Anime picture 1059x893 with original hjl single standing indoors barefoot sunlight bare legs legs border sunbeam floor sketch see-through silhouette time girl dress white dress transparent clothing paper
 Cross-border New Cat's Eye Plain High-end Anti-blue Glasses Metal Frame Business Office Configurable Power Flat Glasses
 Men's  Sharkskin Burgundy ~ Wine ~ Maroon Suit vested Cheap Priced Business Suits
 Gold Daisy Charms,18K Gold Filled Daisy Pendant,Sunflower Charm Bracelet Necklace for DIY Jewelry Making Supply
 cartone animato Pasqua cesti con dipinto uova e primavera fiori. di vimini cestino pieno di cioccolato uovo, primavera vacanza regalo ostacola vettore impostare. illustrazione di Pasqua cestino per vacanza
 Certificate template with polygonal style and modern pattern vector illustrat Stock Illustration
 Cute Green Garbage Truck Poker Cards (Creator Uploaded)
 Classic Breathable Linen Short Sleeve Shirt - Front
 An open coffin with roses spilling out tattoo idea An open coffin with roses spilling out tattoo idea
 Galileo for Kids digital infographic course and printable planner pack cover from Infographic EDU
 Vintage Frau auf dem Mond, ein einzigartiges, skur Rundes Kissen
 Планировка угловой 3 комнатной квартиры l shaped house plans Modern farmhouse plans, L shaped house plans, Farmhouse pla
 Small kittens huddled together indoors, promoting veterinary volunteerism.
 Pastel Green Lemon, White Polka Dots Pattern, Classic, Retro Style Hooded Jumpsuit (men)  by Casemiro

-------

WHAT IS REQUIRED >>
Your answer must be the lines from the one with "Планировка угловой 3" through the last line of the data, repeated exactly and with nothing else.

EXERCISE SOLUTION >>
 Планировка угловой 3 комнатной квартиры l shaped house plans Modern farmhouse plans, L shaped house plans, Farmhouse pla
 Small kittens huddled together indoors, promoting veterinary volunteerism.
 Pastel Green Lemon, White Polka Dots Pattern, Classic, Retro Style Hooded Jumpsuit (men)  by Casemiro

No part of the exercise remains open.